— TASK OBJECTIVE —
When you copy the data, keep every word exactly as it is and leave the pictures out.

— EXERCISE DATA —
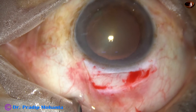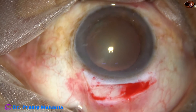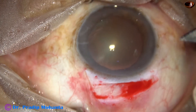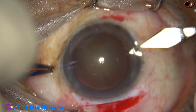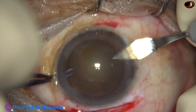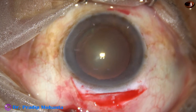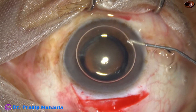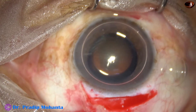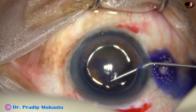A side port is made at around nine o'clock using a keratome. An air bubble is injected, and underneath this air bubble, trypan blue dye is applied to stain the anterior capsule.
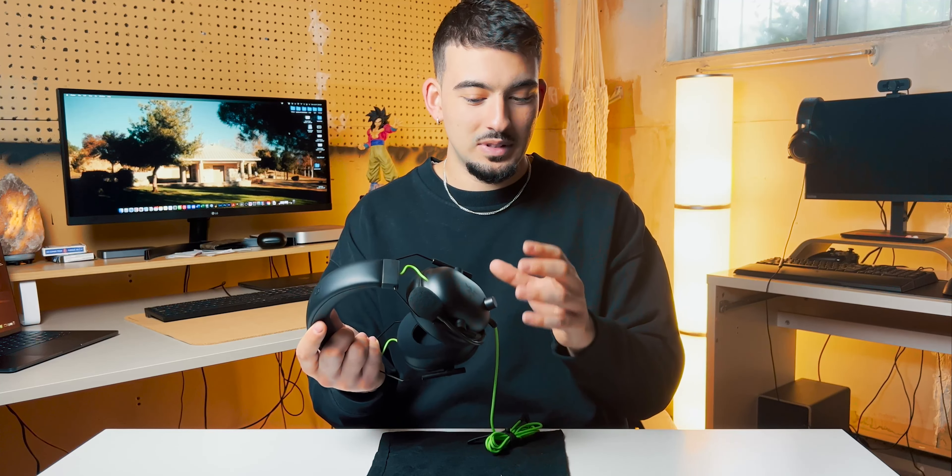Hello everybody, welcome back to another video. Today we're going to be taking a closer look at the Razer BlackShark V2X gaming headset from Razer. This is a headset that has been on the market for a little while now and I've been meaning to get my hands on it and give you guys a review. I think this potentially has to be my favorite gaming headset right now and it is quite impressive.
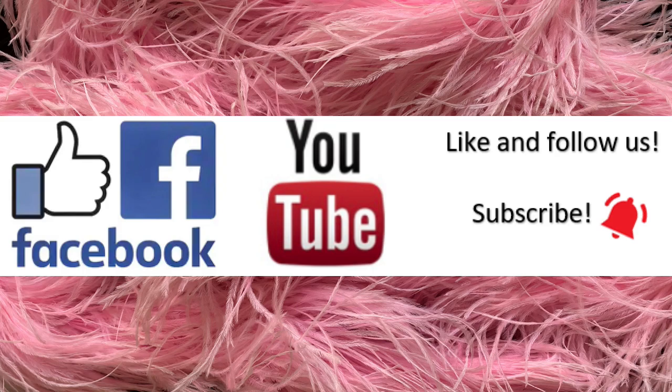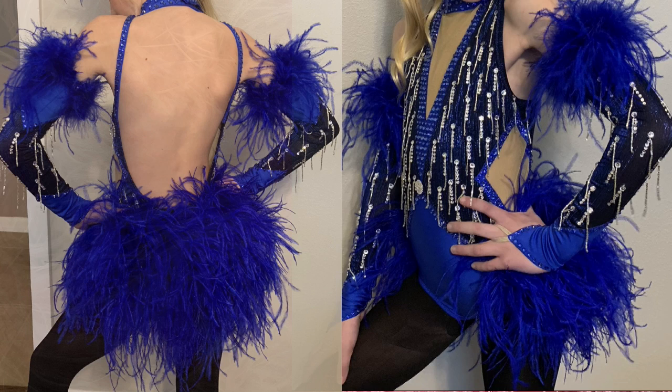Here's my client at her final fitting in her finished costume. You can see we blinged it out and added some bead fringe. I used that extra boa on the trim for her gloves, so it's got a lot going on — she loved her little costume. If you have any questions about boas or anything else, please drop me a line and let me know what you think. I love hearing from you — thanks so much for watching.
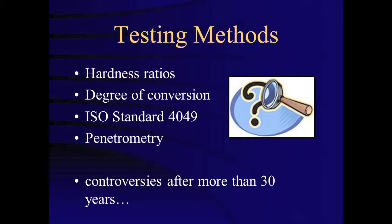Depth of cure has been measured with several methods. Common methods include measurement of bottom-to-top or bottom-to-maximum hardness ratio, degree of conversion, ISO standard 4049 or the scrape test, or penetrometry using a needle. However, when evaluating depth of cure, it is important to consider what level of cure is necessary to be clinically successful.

— TASK OUTPUT —
A side port is made at around nine o'clock using a keratome. An air bubble is injected, and underneath this air bubble, trypan blue dye is applied to stain the anterior capsule.
Hello everybody, welcome back to another video. Today we're going to be taking a closer look at the Razer BlackShark V2X gaming headset from Razer. This is a headset that has been on the market for a little while now and I've been meaning to get my hands on it and give you guys a review. I think this potentially has to be my favorite gaming headset right now and it is quite impressive.
Here's my client at her final fitting in her finished costume. You can see we blinged it out and added some bead fringe. I used that extra boa on the trim for her gloves, so it's got a lot going on — she loved her little costume. If you have any questions about boas or anything else, please drop me a line and let me know what you think. I love hearing from you — thanks so much for watching.
Depth of cure has been measured with several methods. Common methods include measurement of bottom-to-top or bottom-to-maximum hardness ratio, degree of conversion, ISO standard 4049 or the scrape test, or penetrometry using a needle. However, when evaluating depth of cure, it is important to consider what level of cure is necessary to be clinically successful.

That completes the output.